You can not like MMA but not thinking that's a sport is kind of ridiculous.


----------



## RavishingRickRules (Sep 22, 2016)

*Re: Punk will fight another match for UFC*



MC 16 said:


> You can not like MMA but not thinking that's a sport is kind of ridiculous.


Cool story, you should sell it on the internet, it's more entertaining than MMA is.


----------



## Lesnar Turtle (Dec 6, 2011)

*Re: Punk will fight another match for UFC*

MMA might not be to everyones tastes, but its definitely a sport and its definitely not boring.


----------



## Blade Runner (Jan 24, 2012)

*Re: Punk will fight another match for UFC*



RavishingRickRules said:


> Sure, if you say so, I find it more tedious than watching racing and that says a lot. Literally nothing of value in this "sport" for me. Even boxing is infinitely more fun to watch. I prefer sports where big things actually happen that look somewhat graceful or athletic, 2 meatheads twitching at each other before a quick spaz out really doesn't appeal.

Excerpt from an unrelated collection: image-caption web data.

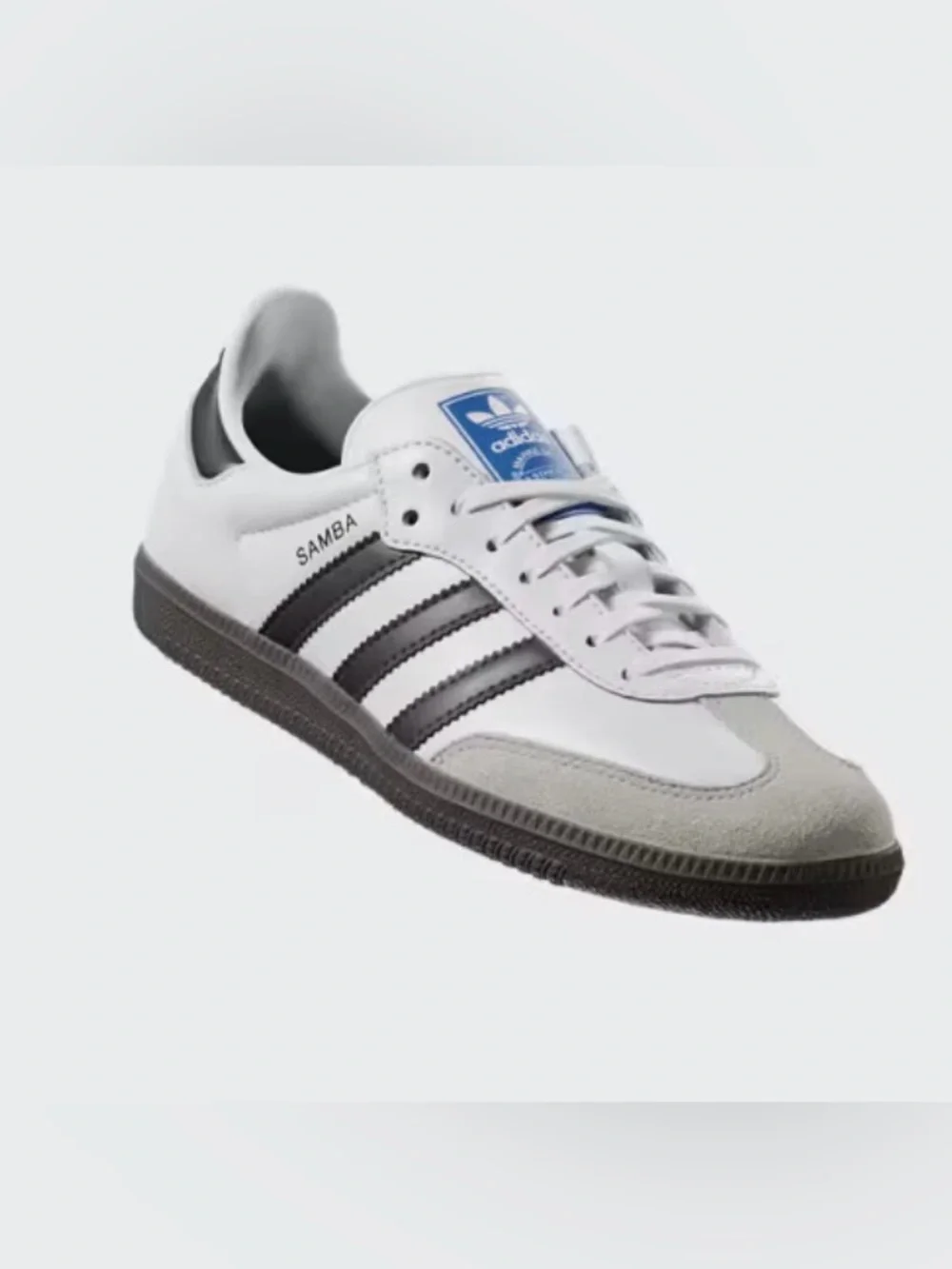 adidas Samba Leather kids Sneaker in White, Black and Gray 3.5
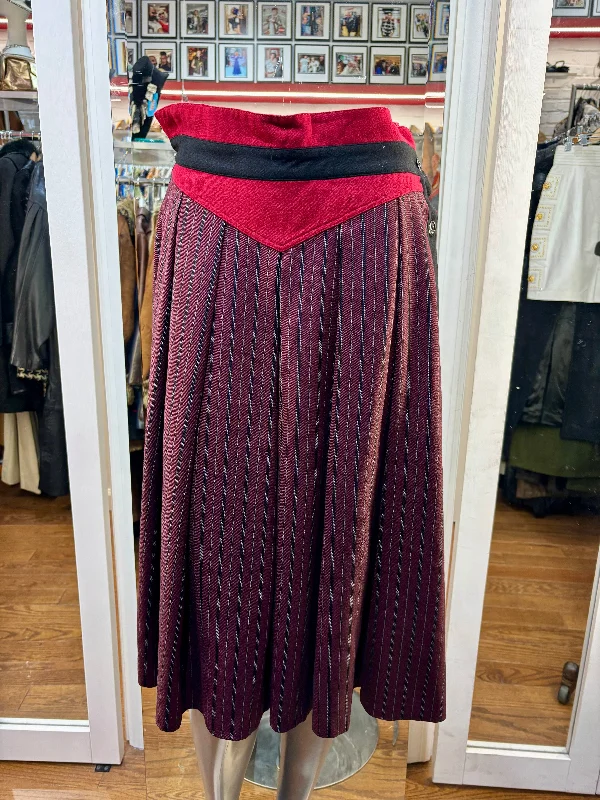 90’s Red & Black Full Skirt With Side Buttons By Pims slim fit skirt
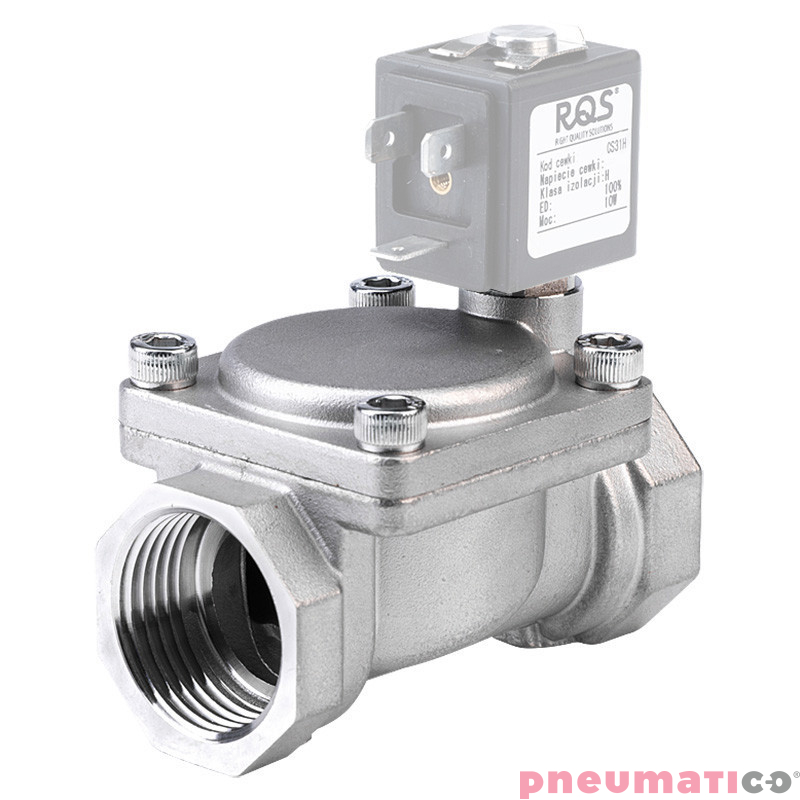 Zawór RQE typ EM41 G1/2" DN15 2/2 NC VITON nierdzewny RQS RQEEM4115FG04S4V bez cewki Zawór RQE typ EM41 G1/2" DN15 2/2 NC VITON nierdzewny RQS RQEEM4115FG04S4V bez cewki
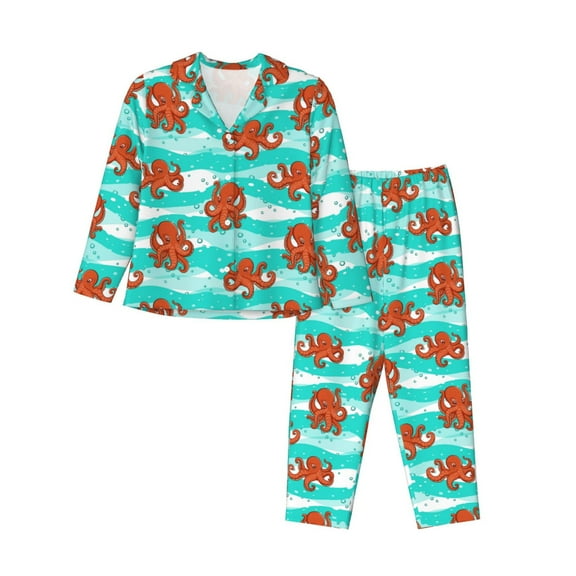 Kdxio Octopuses Women's Pajama Sets Long Sleeve Button Down Sleepwear Nightwear Soft Pjs Lounge Sets-Large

They should add weapons or something to spice it up a bit.


It seems like your view on MMA is a bit antiquated. This isn't the pre-Fertitta era of the UFC where they'd pit freaks with legitimate street fighters with a limited set of rules. The sport has evolved drastically since then. There's a ton of discipline that goes into training for a fight. The UFC are recruiting fighters with a wealth of combat experience on a collegiate level or higher, and the elite fighters in the promotion are insanely technically sound. You can't be a "meathead" and thrive in today's UFC. Kimbo Slice in his prime got exposed quickly when he made his UFC debut, and that's 8 years ago.


----------



## MC (May 30, 2017)

*Re: Punk will fight another match for UFC*



RavishingRickRules said:


> Cool story, you should sell it on the internet, it's more entertaining than MMA is.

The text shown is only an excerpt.